FT-1050 (16,16-dimethyl Prostaglandin E2) is the first drug candidate from Fate Therapeutics’ platform of Stem Cell Modulators (SCMs). SCMs are small molecules that influence adult stem cells. By treating stem cell patients with SCMs, physicians hope to guide stem cells treatments toward desired outcomes, and these can include cell regeneration, healing or blocking cancer growth. In the case of blood cell-making stem cells (also known as “hematopoietic stem cells” or HSCs), FT1050 can mediate their ability to home to the bone marrow and eventually repopulate the patient’s blood and immune system. Because FT-1050 seems to affect fundamental pathways present in all blood cell-making stem cells, it could improve the efficiency and success of treatments with stem cells from any source, including from bone marrow, peripheral blood, and umbilical cord blood.

This clinical trial involved 12 patients who underwent reduced-intensity chemotherapy and then received a transplant of cord blood stem cells that had been treated with FT1050. FT1050-treated blood-forming stem cells might solve a long-standing problem with umbilical cord transplants – a relatively small number of stem cells are infused during such procedures, and therefore, they often take longer to engraft (or take root) in patients than do the more numerous stem cells involved in transplants from adult donors. These delays during engraftment can leave patients susceptible to dangerous infections and other complications.

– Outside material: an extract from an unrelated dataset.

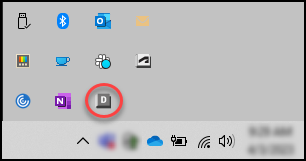 Desktop Connector Tray Icon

Trial leader Corey Cutler, MD, MPH, of Dana-Farber and Brigham and Women’s Hospital put it this way: “There is a significant need to improve the speed and quality of engraftment of cord-derived stem cells. FT1050 has shown the ability in preclinical research to activate hematopoietic [blood-forming] stem cells so they engraft more quickly and with a higher degree of success.”

Umbilical cord stem cell transplants are an excellent option for patients who do not have a closely-matched adult donor. Since the current pool of potential donors is smaller for non-Caucasians than for Caucasians, members of ethnic minorities tend to receive transplants from cord blood at a higher rate than Caucasians.

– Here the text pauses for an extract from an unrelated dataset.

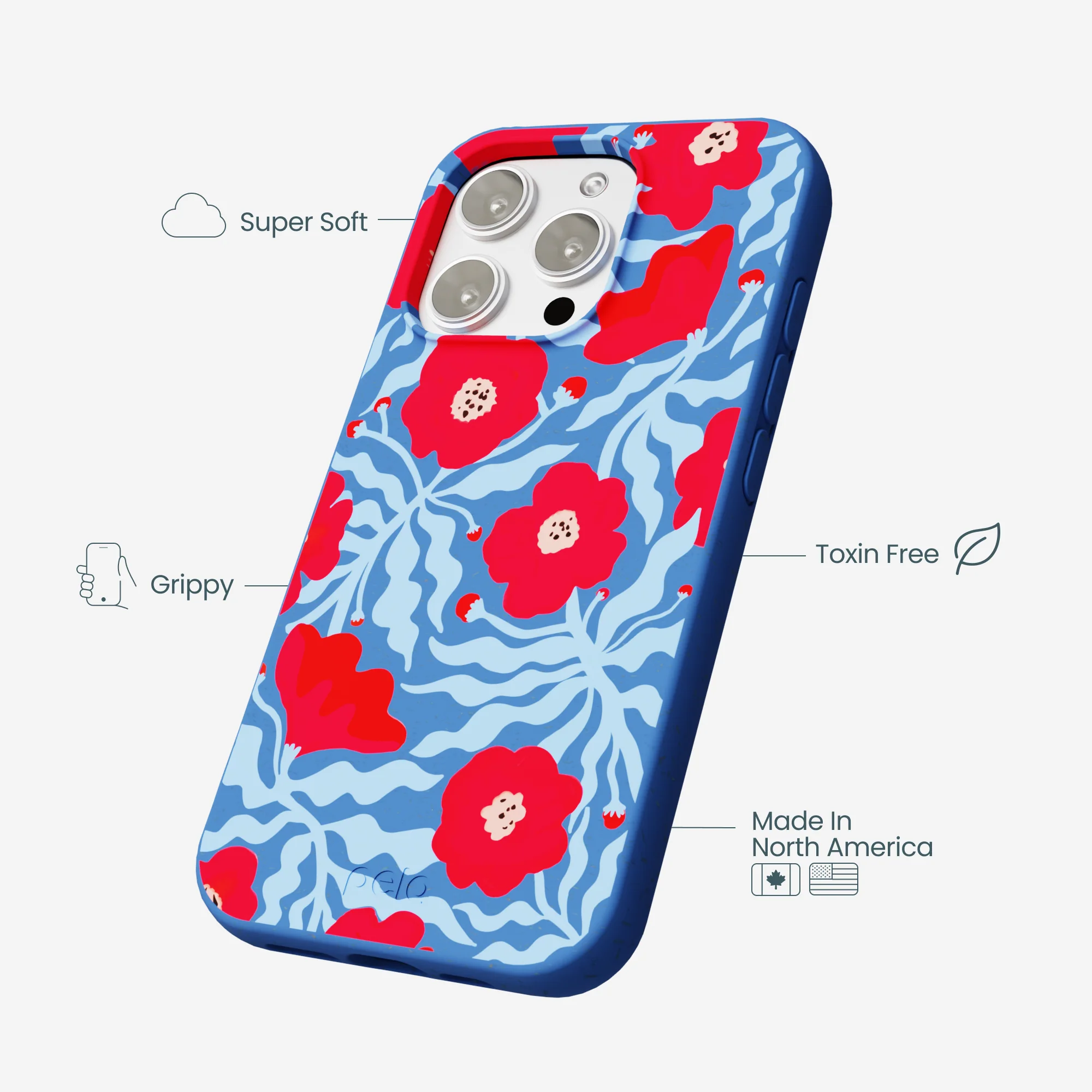 Electric Blue Indigo Ember iPhone 16 Pro Max Case - Image 3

The goal of this phase I trial was to assess the safety of FT1050-treated cord blood cells in adult patients who receive umbilical cord blood stem cell transplants. Additionally, this trial determined if the treated cells show accelerated engraftment. In the 12 patients who participated in the trial, engraftment occurred approximately three to four days faster than normal. Also the patient’s levels of particular types of white blood cells (neutrophils) returned to normal in the patients after a median of 17.5 days, which is similar to the rate in standard stem cell transplants. Side effects of the FT1050-treated cord blood cells were minimal, and in none of the study patients did the stem cells fail to engraft.

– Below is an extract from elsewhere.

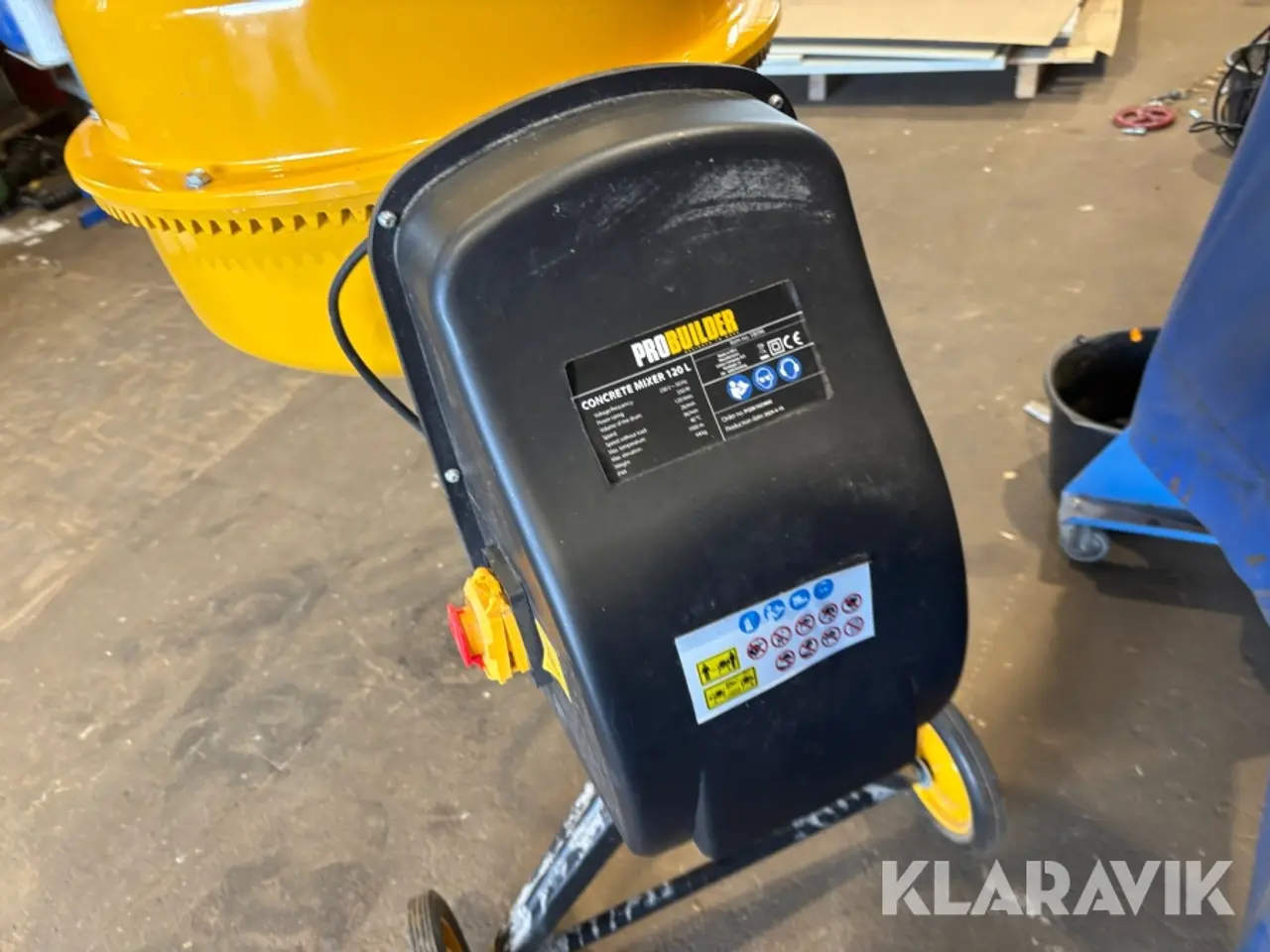 Billede 9 - Cementblander ProBuilder Concrete Mixer 120 L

The phase I trial was sponsored by Fate Therapeutics, Inc., of San Diego, Calif., which is developing ProHema, a biologic product that consists of blood cell-making stem cells treated with FT1050 for patients who require a stem cell transplant. FT1050 was identified by Leonard Zon, MD, a hematologist and director of the Stem Cell Program at Children’s Hospital Boston, who used a chemical screens that was conducted in zebrafish. FT1050 is the first potential therapeutic derived from a zebrafish model to make it to clinical trials.

“We’re encouraged by the results of this study for patients receiving umbilical cord stem cell transplants after reduced-intensity chemotherapy treatment,” Cutler says. “Further studies are planned to test FT1050-treated hematopoietic stem cells in a larger group of these patients.”